** Opening PROVIDED MATERIAL block **

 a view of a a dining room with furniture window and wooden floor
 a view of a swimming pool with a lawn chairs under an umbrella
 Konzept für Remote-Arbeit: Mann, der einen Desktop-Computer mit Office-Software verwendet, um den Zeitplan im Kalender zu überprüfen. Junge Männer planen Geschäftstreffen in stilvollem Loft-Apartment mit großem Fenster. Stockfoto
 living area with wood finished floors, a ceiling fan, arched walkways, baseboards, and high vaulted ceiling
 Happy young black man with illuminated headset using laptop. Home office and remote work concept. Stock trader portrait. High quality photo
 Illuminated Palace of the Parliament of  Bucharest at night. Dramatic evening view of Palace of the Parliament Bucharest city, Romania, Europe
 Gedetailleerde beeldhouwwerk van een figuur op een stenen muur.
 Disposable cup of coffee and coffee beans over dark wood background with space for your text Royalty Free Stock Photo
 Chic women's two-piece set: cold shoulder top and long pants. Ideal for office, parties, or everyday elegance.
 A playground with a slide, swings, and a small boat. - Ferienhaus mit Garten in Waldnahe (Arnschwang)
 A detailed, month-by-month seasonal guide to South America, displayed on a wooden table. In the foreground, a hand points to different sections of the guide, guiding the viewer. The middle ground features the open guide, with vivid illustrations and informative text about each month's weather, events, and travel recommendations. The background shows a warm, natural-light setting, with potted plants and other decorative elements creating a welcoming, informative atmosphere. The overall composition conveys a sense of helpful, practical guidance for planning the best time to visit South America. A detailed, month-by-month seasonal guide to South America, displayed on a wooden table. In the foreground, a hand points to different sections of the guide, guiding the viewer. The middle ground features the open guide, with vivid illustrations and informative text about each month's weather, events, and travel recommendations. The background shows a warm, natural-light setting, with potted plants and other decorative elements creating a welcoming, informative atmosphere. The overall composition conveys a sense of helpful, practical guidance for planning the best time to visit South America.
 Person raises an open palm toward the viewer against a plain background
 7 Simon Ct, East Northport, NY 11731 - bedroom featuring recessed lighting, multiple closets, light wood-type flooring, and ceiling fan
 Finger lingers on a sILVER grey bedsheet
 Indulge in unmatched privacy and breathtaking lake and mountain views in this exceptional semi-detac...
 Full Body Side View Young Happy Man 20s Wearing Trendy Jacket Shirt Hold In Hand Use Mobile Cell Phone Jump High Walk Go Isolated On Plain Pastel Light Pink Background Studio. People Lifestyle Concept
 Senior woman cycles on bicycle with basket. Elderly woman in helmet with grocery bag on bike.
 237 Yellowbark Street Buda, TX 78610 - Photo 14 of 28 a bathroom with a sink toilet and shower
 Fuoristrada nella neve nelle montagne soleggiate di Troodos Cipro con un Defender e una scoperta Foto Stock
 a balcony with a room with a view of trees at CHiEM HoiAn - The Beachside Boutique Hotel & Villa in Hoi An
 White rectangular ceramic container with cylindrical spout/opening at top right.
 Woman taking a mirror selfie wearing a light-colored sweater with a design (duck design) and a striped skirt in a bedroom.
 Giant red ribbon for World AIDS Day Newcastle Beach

** Closing PROVIDED MATERIAL block **

WORK INSTRUCTIONS:
Repeat the whole of the data above exactly, keeping every word.

REPLY TO THE EXERCISE:
 a view of a a dining room with furniture window and wooden floor
 a view of a swimming pool with a lawn chairs under an umbrella
 Konzept für Remote-Arbeit: Mann, der einen Desktop-Computer mit Office-Software verwendet, um den Zeitplan im Kalender zu überprüfen. Junge Männer planen Geschäftstreffen in stilvollem Loft-Apartment mit großem Fenster. Stockfoto
 living area with wood finished floors, a ceiling fan, arched walkways, baseboards, and high vaulted ceiling
 Happy young black man with illuminated headset using laptop. Home office and remote work concept. Stock trader portrait. High quality photo
 Illuminated Palace of the Parliament of  Bucharest at night. Dramatic evening view of Palace of the Parliament Bucharest city, Romania, Europe
 Gedetailleerde beeldhouwwerk van een figuur op een stenen muur.
 Disposable cup of coffee and coffee beans over dark wood background with space for your text Royalty Free Stock Photo
 Chic women's two-piece set: cold shoulder top and long pants. Ideal for office, parties, or everyday elegance.
 A playground with a slide, swings, and a small boat. - Ferienhaus mit Garten in Waldnahe (Arnschwang)
 A detailed, month-by-month seasonal guide to South America, displayed on a wooden table. In the foreground, a hand points to different sections of the guide, guiding the viewer. The middle ground features the open guide, with vivid illustrations and informative text about each month's weather, events, and travel recommendations. The background shows a warm, natural-light setting, with potted plants and other decorative elements creating a welcoming, informative atmosphere. The overall composition conveys a sense of helpful, practical guidance for planning the best time to visit South America. A detailed, month-by-month seasonal guide to South America, displayed on a wooden table. In the foreground, a hand points to different sections of the guide, guiding the viewer. The middle ground features the open guide, with vivid illustrations and informative text about each month's weather, events, and travel recommendations. The background shows a warm, natural-light setting, with potted plants and other decorative elements creating a welcoming, informative atmosphere. The overall composition conveys a sense of helpful, practical guidance for planning the best time to visit South America.
 Person raises an open palm toward the viewer against a plain background
 7 Simon Ct, East Northport, NY 11731 - bedroom featuring recessed lighting, multiple closets, light wood-type flooring, and ceiling fan
 Finger lingers on a sILVER grey bedsheet
 Indulge in unmatched privacy and breathtaking lake and mountain views in this exceptional semi-detac...
 Full Body Side View Young Happy Man 20s Wearing Trendy Jacket Shirt Hold In Hand Use Mobile Cell Phone Jump High Walk Go Isolated On Plain Pastel Light Pink Background Studio. People Lifestyle Concept
 Senior woman cycles on bicycle with basket. Elderly woman in helmet with grocery bag on bike.
 237 Yellowbark Street Buda, TX 78610 - Photo 14 of 28 a bathroom with a sink toilet and shower
 Fuoristrada nella neve nelle montagne soleggiate di Troodos Cipro con un Defender e una scoperta Foto Stock
 a balcony with a room with a view of trees at CHiEM HoiAn - The Beachside Boutique Hotel & Villa in Hoi An
 White rectangular ceramic container with cylindrical spout/opening at top right.
 Woman taking a mirror selfie wearing a light-colored sweater with a design (duck design) and a striped skirt in a bedroom.
 Giant red ribbon for World AIDS Day Newcastle Beach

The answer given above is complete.